Je prends chaque album comme un tout. Avec d’autres projets comme l’album de The Shins, le titre « Port Of Morrow » m’a quelque peu marqué. C’est une chanson assez sombre qui parle de mortalité et j’ai fini par suivre cette voie pour l’album. Avec cet album en particulier, il y a beaucoup de chansons d’amour et d’envie. La première parle notamment d’une femme se languissant d’une relation.

[…] Quels sont les éléments qui suscitent ta créativité ?

Je suis très attaché aux éléments de la nature.  J’en collectionne beaucoup. Je m’intéresse beaucoup à la science, l’espace et les formations de coraux et de roches. Ces choses naturelles nourrissent certains travaux. J’adore aller dans les magasins d’occasion et trouver toutes sortes de vieilles choses. Ma maison est pleine de livres. Je collectionne beaucoup les livres de SF pour leurs couvertures. Je m’intéresse à toute sorte d’artiste. Un de mes préférés (pour ma femme aussi d’ailleurs est Neo Rauch. C’est ce peintre qui réalise d’incroyables paysages surréalistes.

Dans cette autre interview pour le site Verbicidemagazine.com, l’artiste revient sur les origines de sa passion et sa méthodologie de travail.

Après avoir collaboré avec Danger Mouse, David Lynch, Jack White, Gnarls Barkley […] tu es aussi impliqué dans la musique que le graphisme. Quels sont les aspects gratifiants de la création quand elle est si intimement liée à la musique ? Et quels en sont les points négatifs ?

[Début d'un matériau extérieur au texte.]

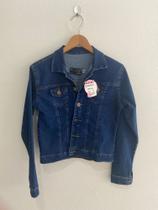 Casaco Jeans sem detalhes Florence cor azul tam P Casaco Jeans sem detalhes Florence cor azul tam P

J’ai l’impression d’avoir destiné ma vie à la création de visuels pour la musique et la télé (ndr : Jacob bosse pour Cartoon Network). Je suis obsédé par les deux. Certains albums ont défini des moments importants de ma vie. « Closer » de Joy Division est un de ces albums. J’ai grandi dans une famille de Mormons et je me souviens à l’âge de 12 ou 13 ans être allé dans un Kmart et avoir acheté une cassette que j’ai écoutée sur le chemin du retour alors que le désert défilait devant moi. C’était la chose la plus sombre que j’avais jamais entendue. Les visuels de cet album me hantent encore. Cela a changé quelque chose en moi, une indépendance vis-à-vis des parents et de tout ce qui m’entourait.

Je cherche toujours ces éléments de contraste dans toute musique. Toujours être à la recherche de cette chose qui vous emmènera ailleurs mentalement. Pour moi, cela a toujours été un parcours naturel pour en arriver là. Illustration, animation, design, musique, direction artistique,… Tout cela ne fait qu’un pour moi. Le seul point négatif est que je n’ai pas assez de temps pour faire tout ça. Je dois vraiment me concentrer ou je cale. Tout ce qui tourne autour de moi souffre des projets les plus longs. Je dois lâcher un peu la communication pour que le boulot soit fait. C’est un problème parfois. Je ne participe à aucun réseau social du tout (ndr : c’est vrai, j’ai cherché !),  je suis plutôt déconnecté car j’ai peur que la distraction me dévore.

Tu crées souvent de façon digitale ou améliore tes travaux. Quelle est la balance entre l’art traditionnel et ce qui est retravaillé sur Photoshop ou d’autres outils digitaux ?

J’ai le sentiment que l’ordinateur est juste un outil de la même manière que le sont mes crayons. J’aime autant travailler avec un pistolet de colle que d’allumer mon ordinateur. Si je n’utilise pas de crayon dans le process de création, je ne me sens pas trop connecté à ce que je crée. Ça commence donc toujours de cette manière, et je finis souvent sous Photoshop ou Illustrator. En général, j’aime les travaux réalisés manuellement plutôt que ce qui a été fait par ordinateur. Si l’œuvre a des défauts, c’est une bonne chose.